What the young man needed, Buster knew, was six of the best and sure enough there soon came the sound of a cane swishing through the air and making contact with buttocks, followed by a yelp of pain. Buster wasn't sure why it was amusing. It wasn't when it had happened to him at school, which it did with tedious regularity.

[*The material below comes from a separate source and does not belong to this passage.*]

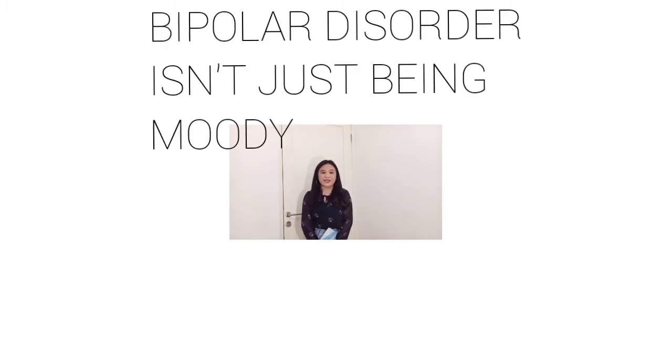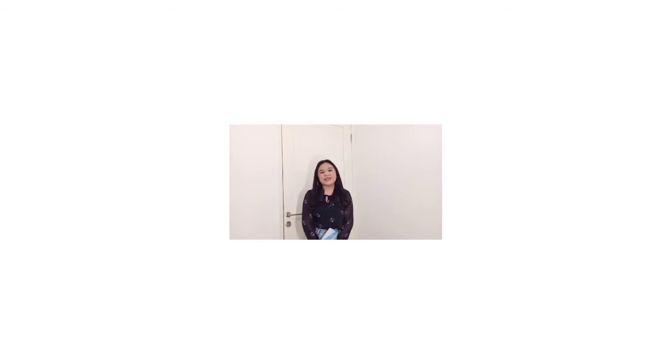After being diagnosed with it, I decided to learn more about this through videos on YouTube, movies about bipolar disorder, or reading as many things as possible and doing more research. As I learned more, I understand that bipolar disorder isn't just being moody—it's more than that. It's a brain disorder, which means there are things in your brain that do not function the way they should be functioning.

The thought of the beatings reminded him of something. Buster went back to the kitchen and from under the sink fetched his new toy. It was a length of pipe-spring, used by plumbers to bend copper pipes without crimping them. He'd spotted it in a builders' merchants. He'd filled it with lead shot and then bound it with thick tape. In its new role, as a 'persuader', it would work a treat. He mimed beating it around one of the guards' heads. Charlie had a cosh he had bought from a Guardia Civil in Madrid, but Buster reckoned the flexiness of his pipe made it even more effective. Plus if the Old Bill found it on you, you could always claim you were doing City & Guilds plumbing at night school and had made a few modifications. Much harder to explain why you had a Spanish police baton down your trouser leg.

He gave it a few more strokes and then smiled when he heard the key in the door. June was back. He'd done it. He'd kept that angry black dog at bay. He'd be all right now.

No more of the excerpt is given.